**ACTION ITEM:**
Beginning with the line containing "2009 to 2012", write out each line exactly through the end of the listing, and skip all pictures.

[[ GIVEN INFORMATION, beginning ]]

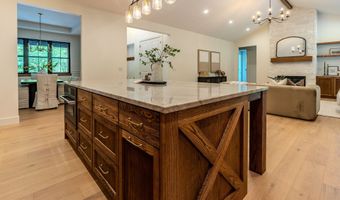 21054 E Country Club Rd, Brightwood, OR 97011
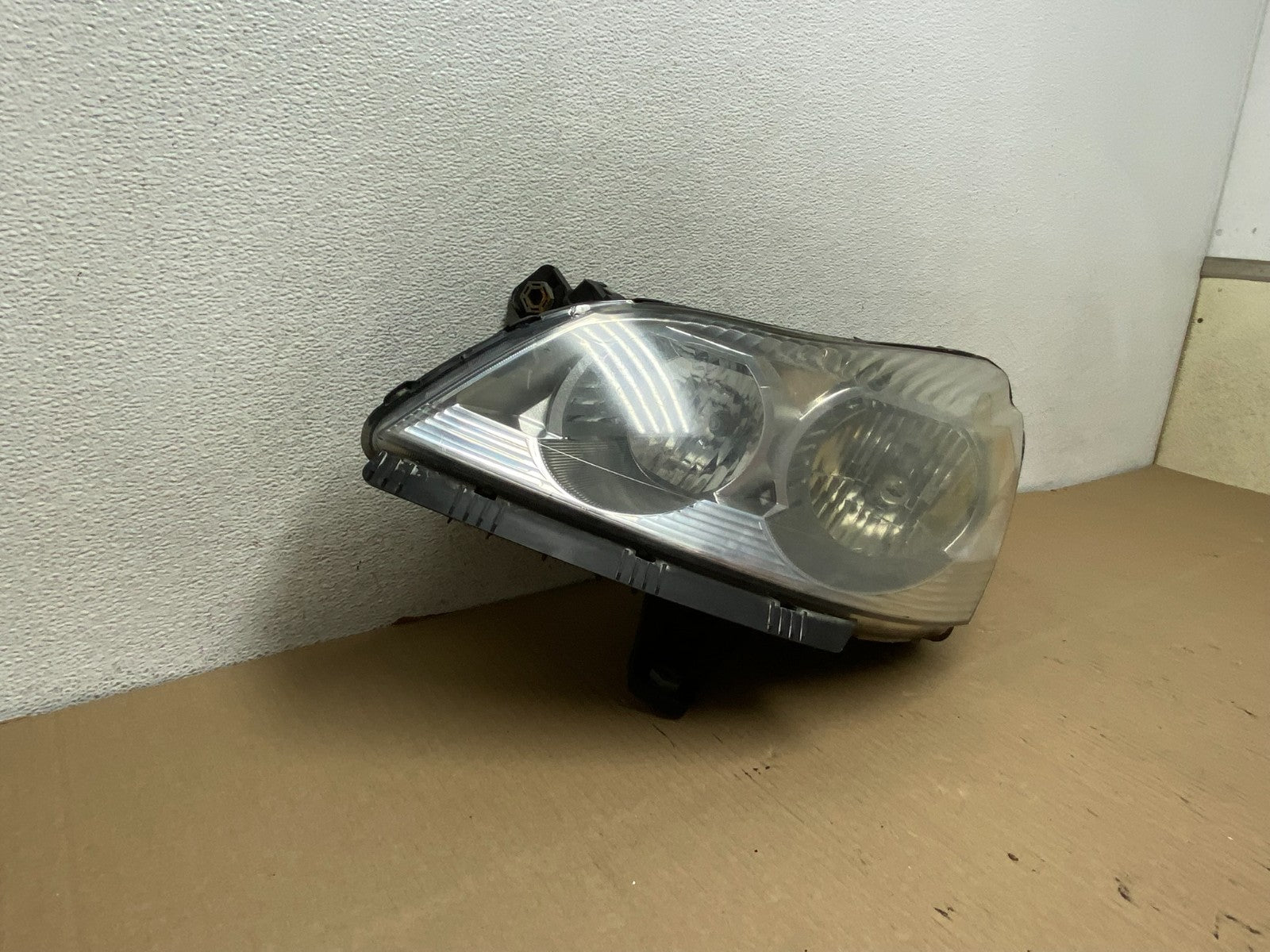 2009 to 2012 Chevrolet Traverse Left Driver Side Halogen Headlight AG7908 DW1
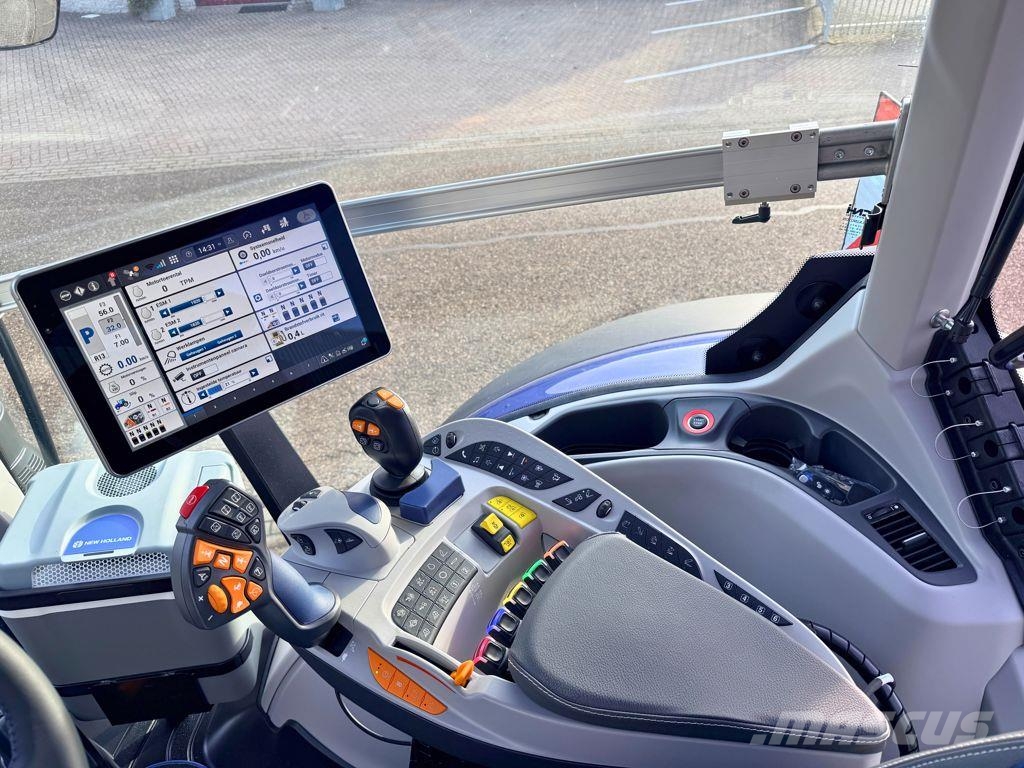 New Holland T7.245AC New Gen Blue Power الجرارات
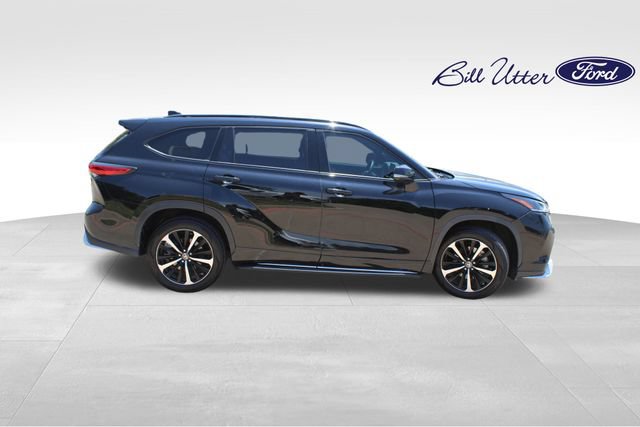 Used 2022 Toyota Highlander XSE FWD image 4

[[ GIVEN INFORMATION, end ]]

**REPLY TO THE TASK:**
 2009 to 2012 Chevrolet Traverse Left Driver Side Halogen Headlight AG7908 DW1
 New Holland T7.245AC New Gen Blue Power الجرارات
 Used 2022 Toyota Highlander XSE FWD image 4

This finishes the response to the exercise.